(How to complete this task):
Would you please transcribe, exactly as written, the lines of the entries below starting at the one that holds "Homestay Chez Beo" and ending at the one that holds "9070 Dupont Place - Photo 1", both included?

Dataset excerpts
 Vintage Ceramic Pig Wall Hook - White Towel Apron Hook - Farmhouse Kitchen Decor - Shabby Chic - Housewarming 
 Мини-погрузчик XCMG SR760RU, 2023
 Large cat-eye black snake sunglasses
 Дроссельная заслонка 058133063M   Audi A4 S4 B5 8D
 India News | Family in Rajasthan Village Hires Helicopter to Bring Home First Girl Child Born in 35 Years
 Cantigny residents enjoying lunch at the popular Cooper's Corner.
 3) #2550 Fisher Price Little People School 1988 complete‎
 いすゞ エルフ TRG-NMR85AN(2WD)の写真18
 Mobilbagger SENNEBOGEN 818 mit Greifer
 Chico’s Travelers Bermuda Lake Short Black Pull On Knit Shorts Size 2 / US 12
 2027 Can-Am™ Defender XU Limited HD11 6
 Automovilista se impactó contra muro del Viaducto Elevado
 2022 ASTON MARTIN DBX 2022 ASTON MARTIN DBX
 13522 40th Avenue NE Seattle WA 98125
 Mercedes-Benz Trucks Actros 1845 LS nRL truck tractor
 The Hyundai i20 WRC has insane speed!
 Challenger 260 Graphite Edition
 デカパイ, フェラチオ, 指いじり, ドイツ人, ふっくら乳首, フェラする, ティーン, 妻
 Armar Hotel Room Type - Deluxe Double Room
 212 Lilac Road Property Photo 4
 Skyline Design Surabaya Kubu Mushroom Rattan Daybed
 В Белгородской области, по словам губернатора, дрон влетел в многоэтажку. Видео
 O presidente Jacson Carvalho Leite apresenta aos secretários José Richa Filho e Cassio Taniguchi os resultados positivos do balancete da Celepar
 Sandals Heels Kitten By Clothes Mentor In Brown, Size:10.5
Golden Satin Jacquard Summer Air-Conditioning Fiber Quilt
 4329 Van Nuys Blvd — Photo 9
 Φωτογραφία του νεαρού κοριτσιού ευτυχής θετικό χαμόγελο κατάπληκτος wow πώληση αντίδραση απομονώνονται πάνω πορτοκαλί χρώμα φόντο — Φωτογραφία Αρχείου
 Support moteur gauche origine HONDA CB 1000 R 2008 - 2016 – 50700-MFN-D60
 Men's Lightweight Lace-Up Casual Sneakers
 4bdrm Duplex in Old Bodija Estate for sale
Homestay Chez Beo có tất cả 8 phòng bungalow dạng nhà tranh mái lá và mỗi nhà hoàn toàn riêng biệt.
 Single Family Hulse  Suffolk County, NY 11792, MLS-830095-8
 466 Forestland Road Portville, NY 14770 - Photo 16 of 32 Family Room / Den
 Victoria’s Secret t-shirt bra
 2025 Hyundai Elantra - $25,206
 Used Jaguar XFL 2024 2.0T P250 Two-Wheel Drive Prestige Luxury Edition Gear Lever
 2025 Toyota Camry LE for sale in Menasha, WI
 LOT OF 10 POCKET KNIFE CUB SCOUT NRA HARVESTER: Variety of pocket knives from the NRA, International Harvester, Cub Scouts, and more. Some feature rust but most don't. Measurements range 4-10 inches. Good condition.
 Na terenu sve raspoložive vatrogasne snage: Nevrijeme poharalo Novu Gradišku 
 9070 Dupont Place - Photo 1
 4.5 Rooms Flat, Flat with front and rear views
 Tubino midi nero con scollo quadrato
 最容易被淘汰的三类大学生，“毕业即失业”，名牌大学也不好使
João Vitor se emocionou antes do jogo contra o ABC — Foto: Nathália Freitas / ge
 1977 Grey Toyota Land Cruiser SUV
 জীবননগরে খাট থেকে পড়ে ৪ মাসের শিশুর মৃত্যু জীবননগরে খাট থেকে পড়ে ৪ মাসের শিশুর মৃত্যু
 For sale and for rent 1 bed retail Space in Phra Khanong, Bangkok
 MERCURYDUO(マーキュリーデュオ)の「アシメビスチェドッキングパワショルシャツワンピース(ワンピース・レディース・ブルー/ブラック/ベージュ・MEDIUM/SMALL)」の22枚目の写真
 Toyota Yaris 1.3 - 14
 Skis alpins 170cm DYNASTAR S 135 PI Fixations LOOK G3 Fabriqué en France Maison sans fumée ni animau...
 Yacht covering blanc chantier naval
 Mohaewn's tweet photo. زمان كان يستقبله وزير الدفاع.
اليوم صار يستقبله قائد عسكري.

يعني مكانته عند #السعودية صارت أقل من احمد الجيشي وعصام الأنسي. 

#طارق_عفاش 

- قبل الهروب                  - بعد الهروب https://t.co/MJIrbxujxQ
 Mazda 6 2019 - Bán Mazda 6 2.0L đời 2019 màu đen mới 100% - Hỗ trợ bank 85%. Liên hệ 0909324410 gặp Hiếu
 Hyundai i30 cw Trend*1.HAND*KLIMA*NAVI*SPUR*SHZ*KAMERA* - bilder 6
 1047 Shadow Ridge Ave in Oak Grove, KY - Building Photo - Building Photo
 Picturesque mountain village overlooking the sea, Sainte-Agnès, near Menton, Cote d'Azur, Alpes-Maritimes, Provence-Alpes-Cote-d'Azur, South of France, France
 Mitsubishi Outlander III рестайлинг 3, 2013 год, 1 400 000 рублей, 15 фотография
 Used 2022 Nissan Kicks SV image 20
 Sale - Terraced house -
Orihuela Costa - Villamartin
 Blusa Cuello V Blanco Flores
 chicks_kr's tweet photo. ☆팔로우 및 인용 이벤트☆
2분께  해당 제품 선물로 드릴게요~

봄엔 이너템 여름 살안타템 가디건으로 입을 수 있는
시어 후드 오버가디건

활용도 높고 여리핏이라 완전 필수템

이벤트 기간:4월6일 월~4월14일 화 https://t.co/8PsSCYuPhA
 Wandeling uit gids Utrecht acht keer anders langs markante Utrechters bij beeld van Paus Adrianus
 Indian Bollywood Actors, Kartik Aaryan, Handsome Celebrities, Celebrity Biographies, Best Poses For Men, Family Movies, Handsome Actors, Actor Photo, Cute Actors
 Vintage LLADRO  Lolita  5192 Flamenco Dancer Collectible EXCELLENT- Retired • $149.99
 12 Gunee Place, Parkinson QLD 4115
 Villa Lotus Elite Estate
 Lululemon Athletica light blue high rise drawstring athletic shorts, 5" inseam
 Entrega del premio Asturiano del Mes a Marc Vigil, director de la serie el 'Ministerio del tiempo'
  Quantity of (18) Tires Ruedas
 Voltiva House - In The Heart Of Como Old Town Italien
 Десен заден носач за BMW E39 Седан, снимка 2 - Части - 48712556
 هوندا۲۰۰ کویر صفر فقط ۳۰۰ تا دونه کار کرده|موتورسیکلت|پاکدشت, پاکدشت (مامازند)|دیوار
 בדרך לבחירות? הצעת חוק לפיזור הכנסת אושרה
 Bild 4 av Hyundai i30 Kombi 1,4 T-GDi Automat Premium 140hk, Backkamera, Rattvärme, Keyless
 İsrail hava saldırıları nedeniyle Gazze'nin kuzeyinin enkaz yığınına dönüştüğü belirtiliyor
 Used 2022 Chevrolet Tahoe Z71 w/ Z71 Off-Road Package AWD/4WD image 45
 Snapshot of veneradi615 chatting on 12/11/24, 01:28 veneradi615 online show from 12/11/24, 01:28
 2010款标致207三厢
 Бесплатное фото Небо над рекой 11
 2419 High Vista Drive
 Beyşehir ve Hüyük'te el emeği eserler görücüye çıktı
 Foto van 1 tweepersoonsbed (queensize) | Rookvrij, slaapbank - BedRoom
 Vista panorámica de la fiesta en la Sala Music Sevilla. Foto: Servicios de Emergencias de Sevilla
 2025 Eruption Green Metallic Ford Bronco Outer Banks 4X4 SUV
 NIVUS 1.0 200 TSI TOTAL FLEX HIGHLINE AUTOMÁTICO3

(Exercise solution):
Homestay Chez Beo có tất cả 8 phòng bungalow dạng nhà tranh mái lá và mỗi nhà hoàn toàn riêng biệt.
 Single Family Hulse  Suffolk County, NY 11792, MLS-830095-8
 466 Forestland Road Portville, NY 14770 - Photo 16 of 32 Family Room / Den
 Victoria’s Secret t-shirt bra
 2025 Hyundai Elantra - $25,206
 Used Jaguar XFL 2024 2.0T P250 Two-Wheel Drive Prestige Luxury Edition Gear Lever
 2025 Toyota Camry LE for sale in Menasha, WI
 LOT OF 10 POCKET KNIFE CUB SCOUT NRA HARVESTER: Variety of pocket knives from the NRA, International Harvester, Cub Scouts, and more. Some feature rust but most don't. Measurements range 4-10 inches. Good condition.
 Na terenu sve raspoložive vatrogasne snage: Nevrijeme poharalo Novu Gradišku 
 9070 Dupont Place - Photo 1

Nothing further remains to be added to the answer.